**What you are asked to do**
Copy out the data exactly as it appears, without a single image.

**Recorded information**

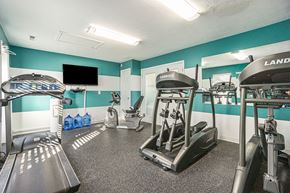 Portage apartment for rent - The Vista Apartments and Townhomes Fitness Center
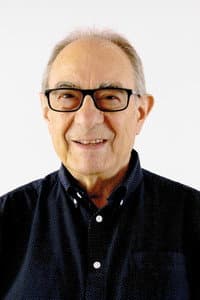 Tony Honickberg in Severed Garden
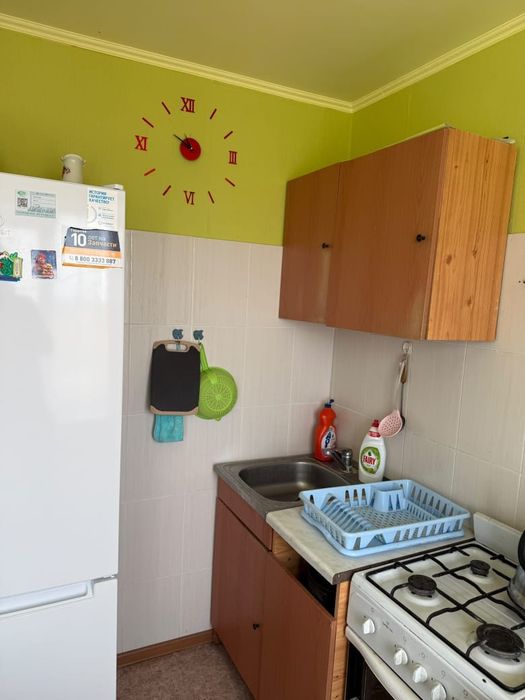 1к. продам Октябрьский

**Answer to the exercise**
 Portage apartment for rent - The Vista Apartments and Townhomes Fitness Center
 Tony Honickberg in Severed Garden
 1к. продам Октябрьский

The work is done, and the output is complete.